(The input begins)
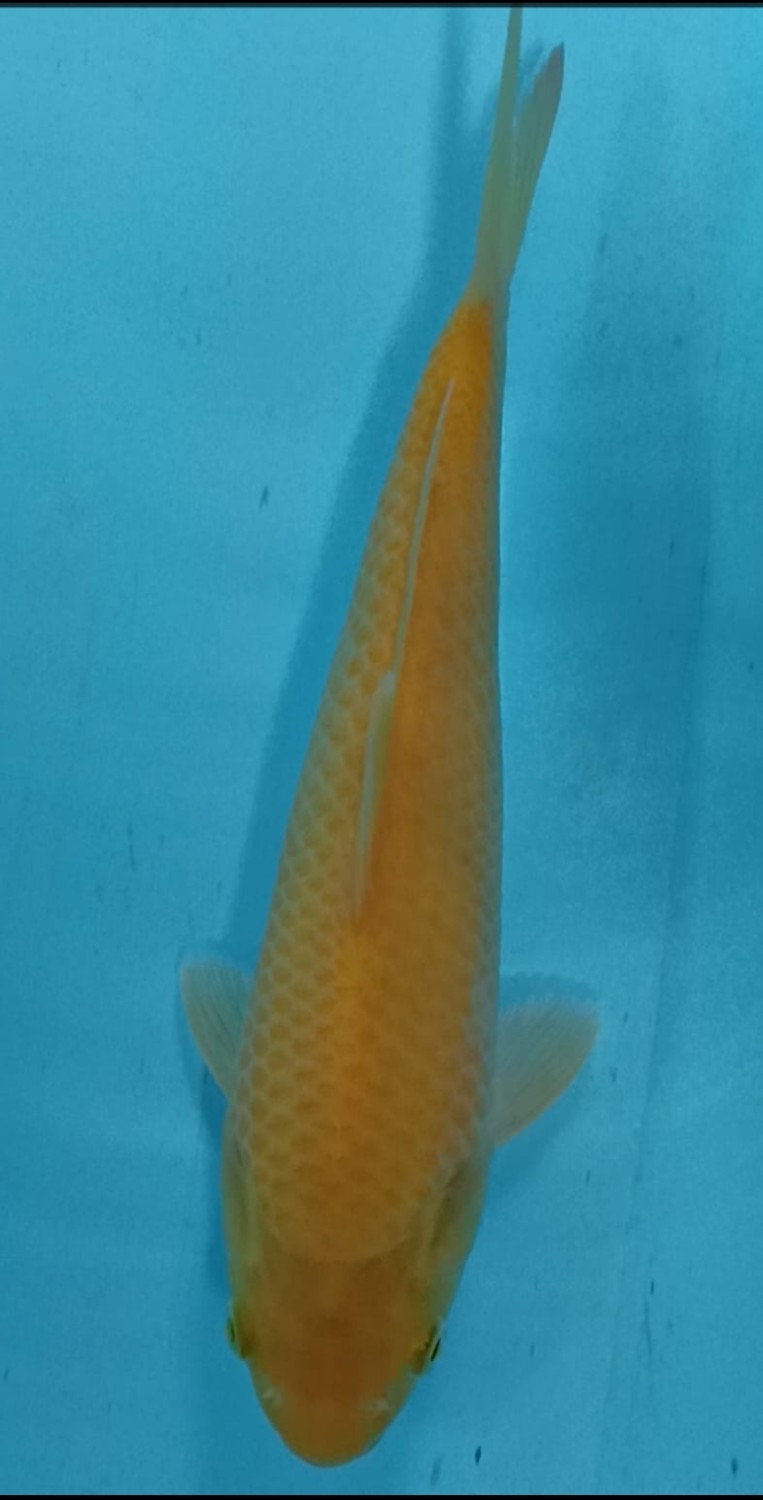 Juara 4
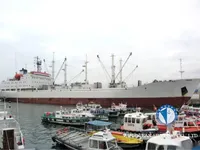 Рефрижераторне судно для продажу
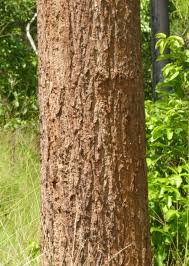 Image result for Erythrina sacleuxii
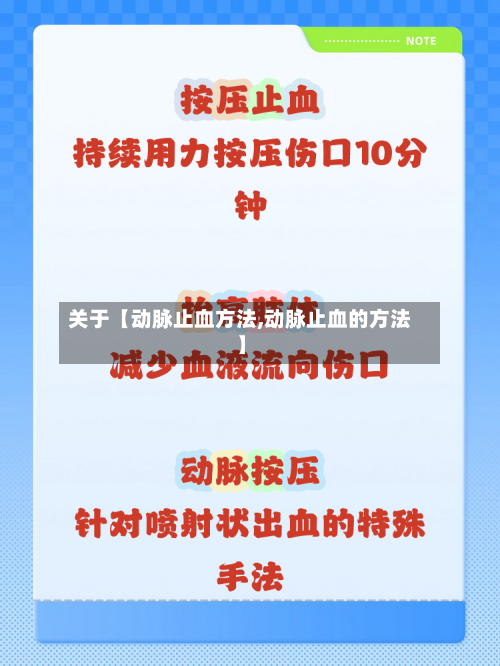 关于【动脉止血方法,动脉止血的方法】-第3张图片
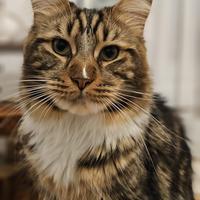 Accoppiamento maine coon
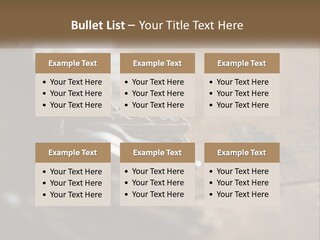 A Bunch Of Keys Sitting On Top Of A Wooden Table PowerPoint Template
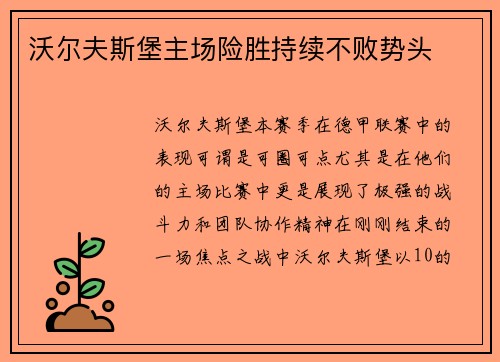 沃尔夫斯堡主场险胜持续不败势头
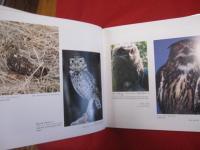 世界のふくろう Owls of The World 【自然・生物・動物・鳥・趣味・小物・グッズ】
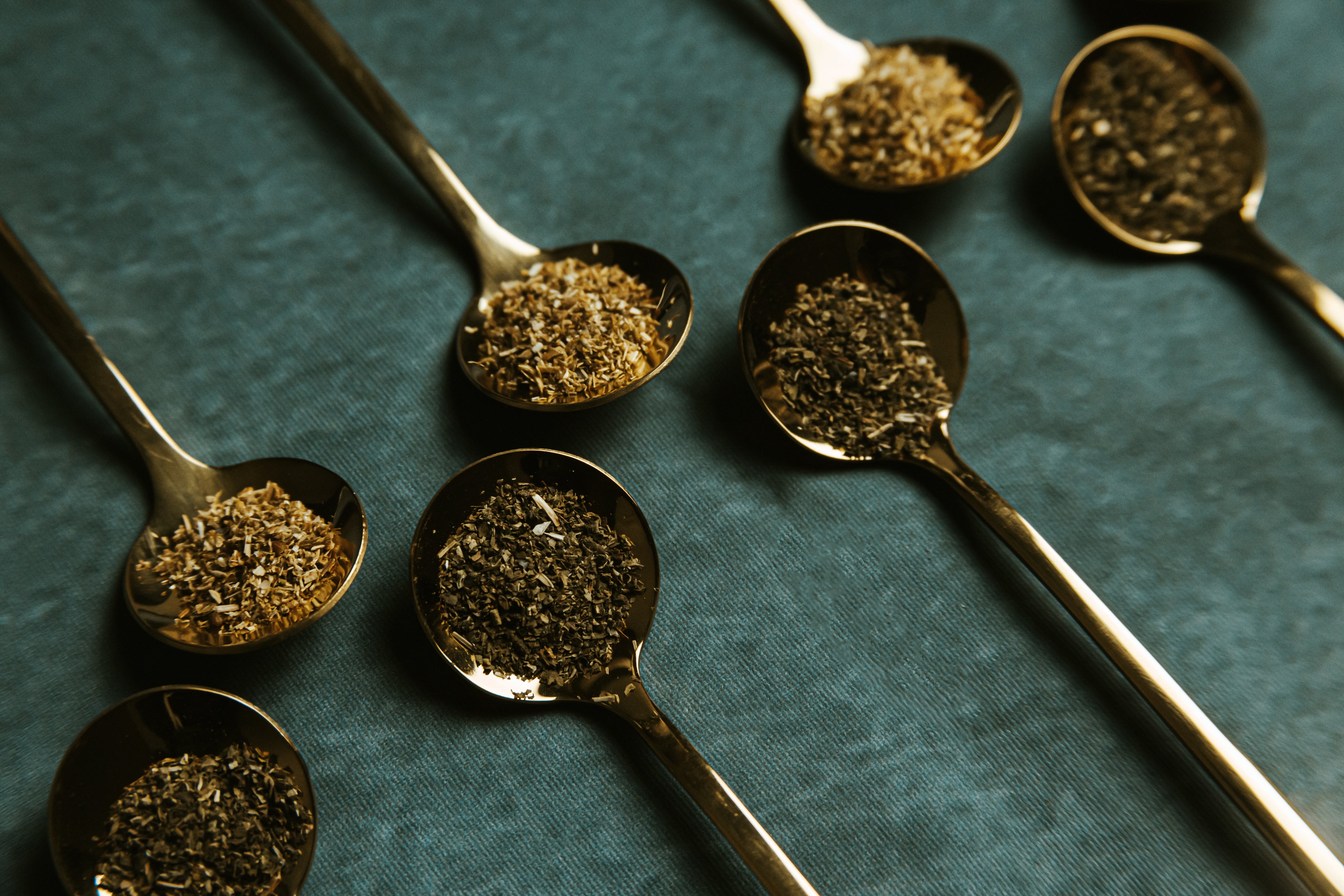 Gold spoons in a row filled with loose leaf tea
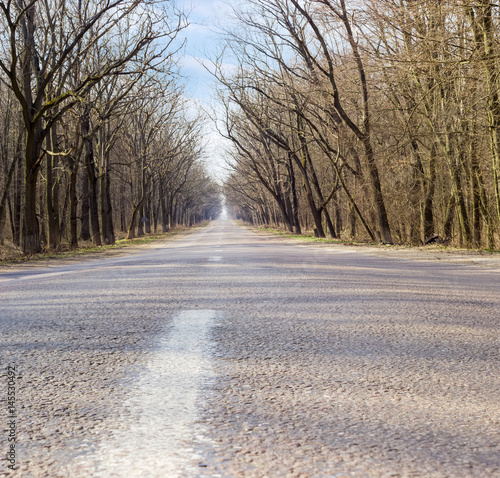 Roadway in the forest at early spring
(The input ends)
(The input begins)
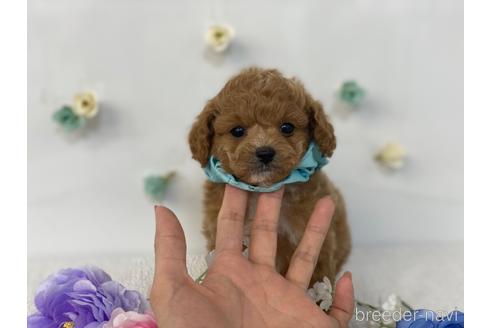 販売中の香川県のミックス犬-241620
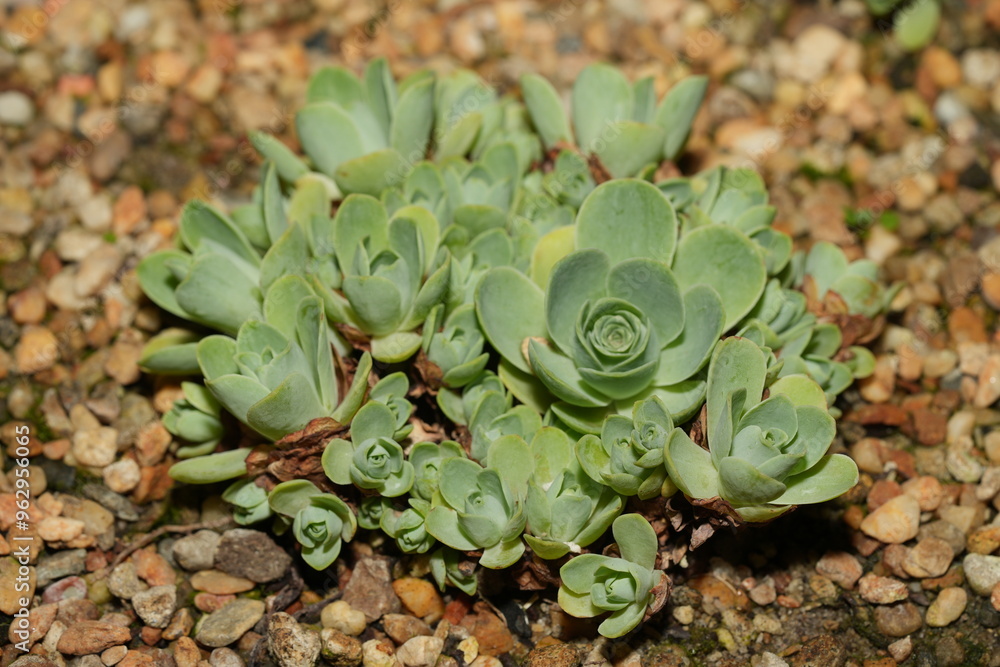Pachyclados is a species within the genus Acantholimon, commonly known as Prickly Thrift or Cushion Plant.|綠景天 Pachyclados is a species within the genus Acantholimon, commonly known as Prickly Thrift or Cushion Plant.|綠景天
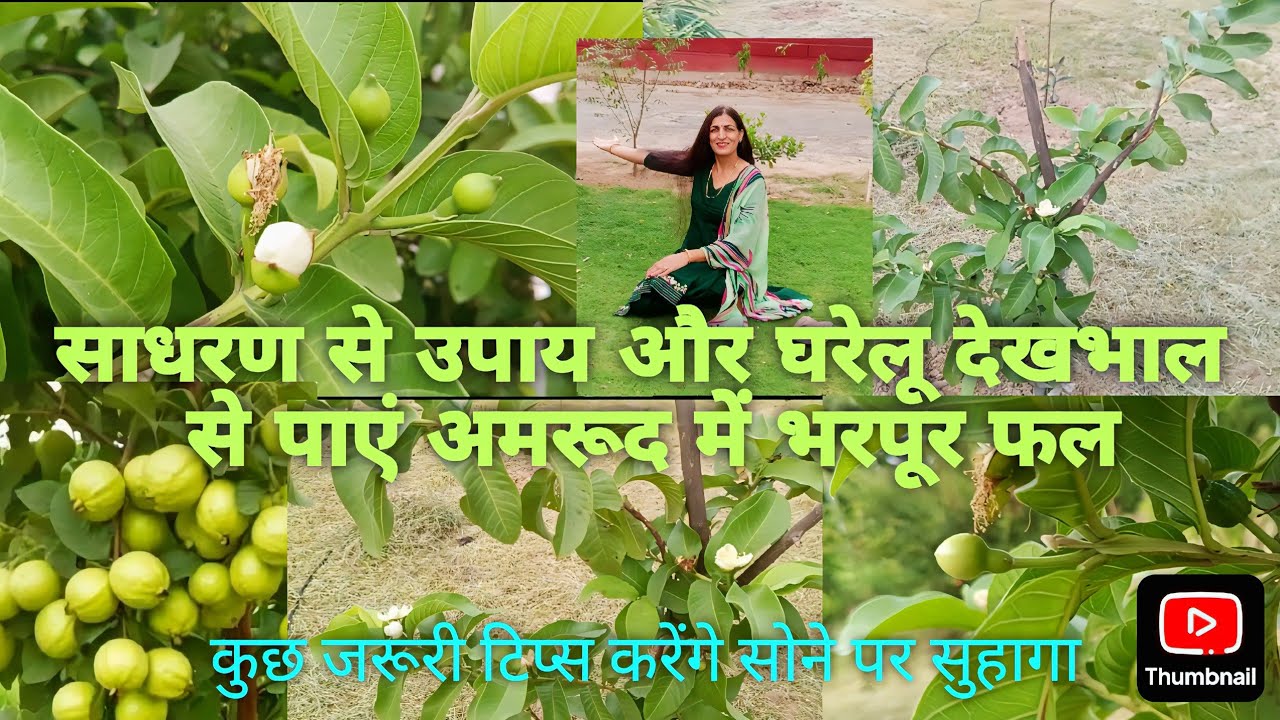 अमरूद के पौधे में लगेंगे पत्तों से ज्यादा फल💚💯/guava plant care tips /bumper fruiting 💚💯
(The input ends)
(The input begins)
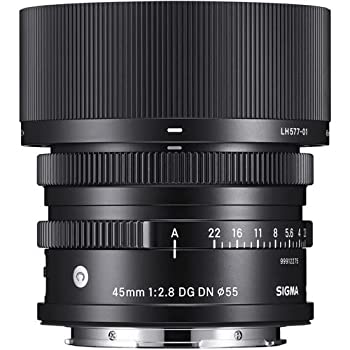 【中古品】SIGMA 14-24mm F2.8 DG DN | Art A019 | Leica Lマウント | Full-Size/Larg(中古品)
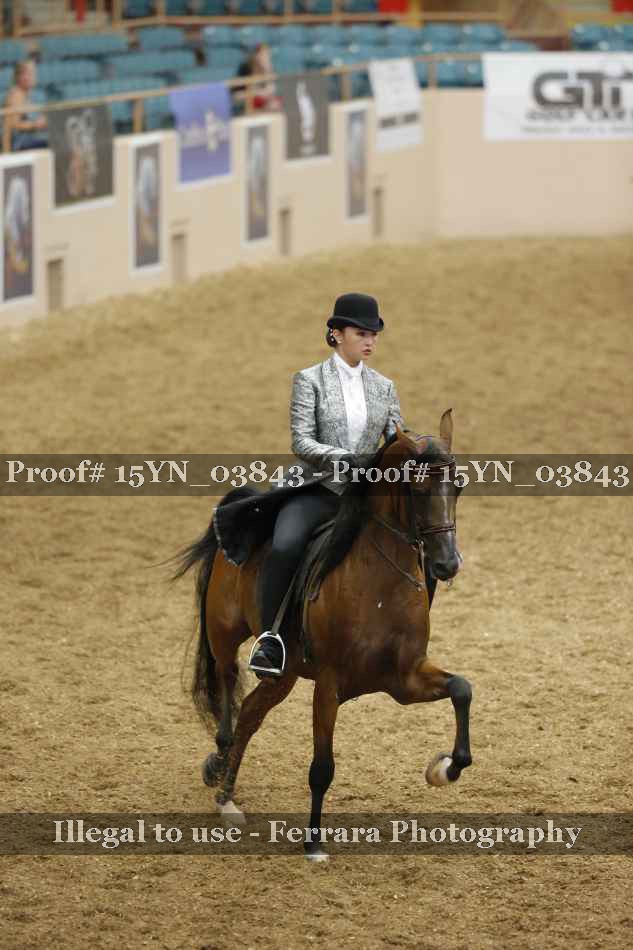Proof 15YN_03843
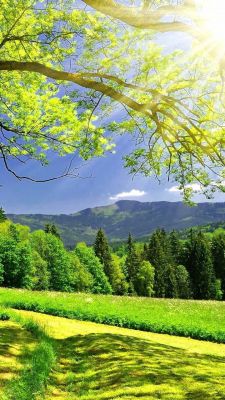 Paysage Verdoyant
(The input ends)
Take the material above and output only the lines from the one that contains "A Bunch Of Keys" through the one that contains "Roadway in the forest at early spring", ends included and images left out.

■ **Answer to this exercise**
 A Bunch Of Keys Sitting On Top Of A Wooden Table PowerPoint Template
 沃尔夫斯堡主场险胜持续不败势头
 世界のふくろう Owls of The World 【自然・生物・動物・鳥・趣味・小物・グッズ】
 Gold spoons in a row filled with loose leaf tea
 Roadway in the forest at early spring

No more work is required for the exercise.